# Left Behind Reboot - in theaters Oct 3rd



## Mike Edwards (Mar 10, 2011)

> Among the most highly anticipated films to be released in 2014, Stoney Lake Entertainment announces the full-length action-adventure motion picture LEFT BEHIND. The movie stars Academy Award winner Nicolas Cage (NATIONAL TREASURE, CITY OF ANGELS, THE CROODS) as Rayford Steele, as well as Chad Michael Murray, Cassi Thomson, Nicky Whelan, Lea Thompson and Jordin Sparks. The movie is directed by veteran filmmaker, Vic Armstrong (THOR, AMAZING SPIDER-MAN, WAR OF THE WORLDS), widely renowned for directing action sequences.
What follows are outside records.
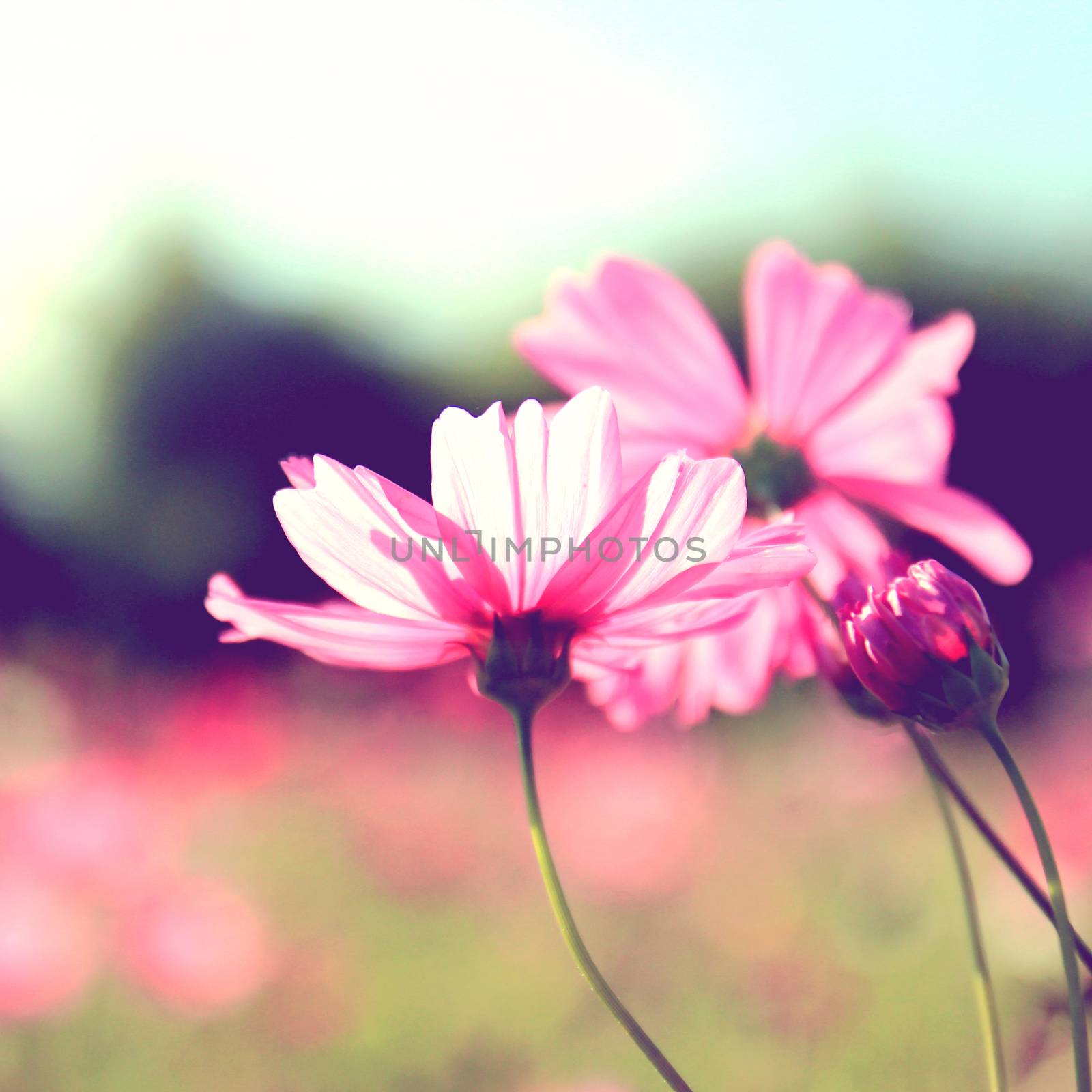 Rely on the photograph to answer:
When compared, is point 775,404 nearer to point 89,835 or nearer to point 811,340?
point 811,340

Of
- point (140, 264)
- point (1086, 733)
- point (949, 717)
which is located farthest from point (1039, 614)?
point (140, 264)

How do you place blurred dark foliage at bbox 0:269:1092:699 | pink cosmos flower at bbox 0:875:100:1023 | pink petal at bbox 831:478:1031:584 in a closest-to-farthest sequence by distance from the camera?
1. pink petal at bbox 831:478:1031:584
2. pink cosmos flower at bbox 0:875:100:1023
3. blurred dark foliage at bbox 0:269:1092:699

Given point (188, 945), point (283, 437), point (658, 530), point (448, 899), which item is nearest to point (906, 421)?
point (658, 530)

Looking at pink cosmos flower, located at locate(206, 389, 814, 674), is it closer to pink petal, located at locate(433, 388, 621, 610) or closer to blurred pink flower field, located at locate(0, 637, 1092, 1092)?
pink petal, located at locate(433, 388, 621, 610)

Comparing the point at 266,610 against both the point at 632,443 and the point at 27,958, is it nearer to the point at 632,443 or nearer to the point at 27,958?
the point at 632,443

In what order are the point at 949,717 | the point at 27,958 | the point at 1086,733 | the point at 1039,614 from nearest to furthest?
the point at 949,717 < the point at 27,958 < the point at 1086,733 < the point at 1039,614

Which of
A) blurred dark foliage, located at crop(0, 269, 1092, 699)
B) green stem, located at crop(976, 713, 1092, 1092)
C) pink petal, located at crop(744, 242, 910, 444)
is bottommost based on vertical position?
blurred dark foliage, located at crop(0, 269, 1092, 699)

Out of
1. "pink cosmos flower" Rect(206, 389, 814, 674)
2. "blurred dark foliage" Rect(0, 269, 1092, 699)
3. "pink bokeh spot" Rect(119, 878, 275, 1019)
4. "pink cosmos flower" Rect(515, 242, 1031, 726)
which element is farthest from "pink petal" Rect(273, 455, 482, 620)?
"blurred dark foliage" Rect(0, 269, 1092, 699) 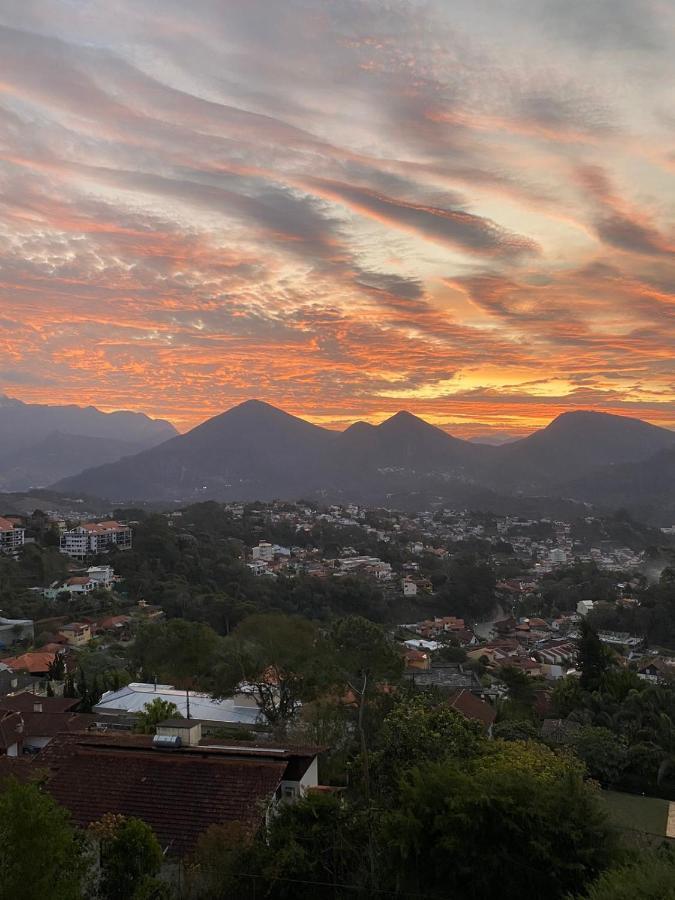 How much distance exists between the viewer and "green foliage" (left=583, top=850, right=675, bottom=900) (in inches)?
178

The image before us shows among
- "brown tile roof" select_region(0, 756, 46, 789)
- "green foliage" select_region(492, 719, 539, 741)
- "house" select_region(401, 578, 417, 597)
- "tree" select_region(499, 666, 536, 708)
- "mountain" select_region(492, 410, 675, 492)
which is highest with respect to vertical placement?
"mountain" select_region(492, 410, 675, 492)

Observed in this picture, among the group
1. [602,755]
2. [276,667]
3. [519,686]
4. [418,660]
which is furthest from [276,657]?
[418,660]

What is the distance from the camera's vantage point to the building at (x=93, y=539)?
155 feet

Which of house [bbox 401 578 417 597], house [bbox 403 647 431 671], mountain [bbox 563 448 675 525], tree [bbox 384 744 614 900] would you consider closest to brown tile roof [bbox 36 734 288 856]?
tree [bbox 384 744 614 900]

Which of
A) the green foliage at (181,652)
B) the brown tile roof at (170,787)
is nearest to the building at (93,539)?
the green foliage at (181,652)

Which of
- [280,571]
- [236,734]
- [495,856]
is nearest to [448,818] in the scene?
[495,856]

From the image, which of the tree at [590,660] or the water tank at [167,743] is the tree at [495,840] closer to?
the water tank at [167,743]

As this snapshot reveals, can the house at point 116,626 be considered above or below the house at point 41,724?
below

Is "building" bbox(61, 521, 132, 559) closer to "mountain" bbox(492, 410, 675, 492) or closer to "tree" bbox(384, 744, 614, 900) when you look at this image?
"tree" bbox(384, 744, 614, 900)

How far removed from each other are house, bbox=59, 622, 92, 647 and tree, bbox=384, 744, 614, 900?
80.8 ft

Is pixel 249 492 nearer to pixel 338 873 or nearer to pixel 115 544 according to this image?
pixel 115 544

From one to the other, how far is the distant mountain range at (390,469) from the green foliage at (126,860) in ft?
368

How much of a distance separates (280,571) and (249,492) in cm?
10167

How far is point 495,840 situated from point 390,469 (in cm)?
17316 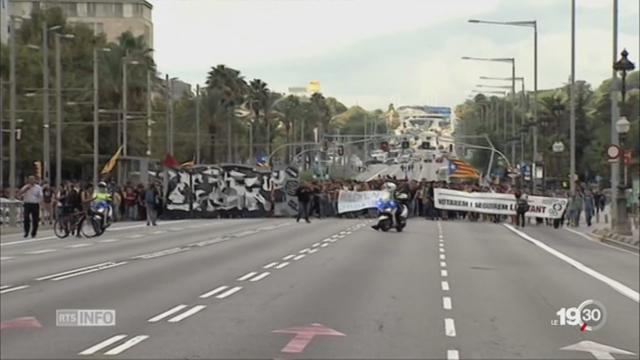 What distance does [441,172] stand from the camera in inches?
4080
LEFT BEHIND is produced and distributed by Stoney Lake Entertainment, with the national release slated for October 3, 2014.
> 
> 
> LEFT BEHIND follows Rayford Steele (Nicolas Cage) who is piloting a commercial airliner just hours after the Rapture when millions of people around the globe simply vanish. Thirty thousand feet over the Atlantic, Rayford is faced with a damaged plane, terrified passengers, and a desperate desire to get back to his family. On the ground, his daughter, Chloe Steele (Cassi Thomson) is among those left behind, forced to navigate a world of madness as she searches for her lost mother and brother. Shot mostly in and around Baton Rouge, LA., LEFT BEHIND was produced by Paul Lalonde and Michael Walker and co-written by Paul Lalonde and John Patus.
> ...


----------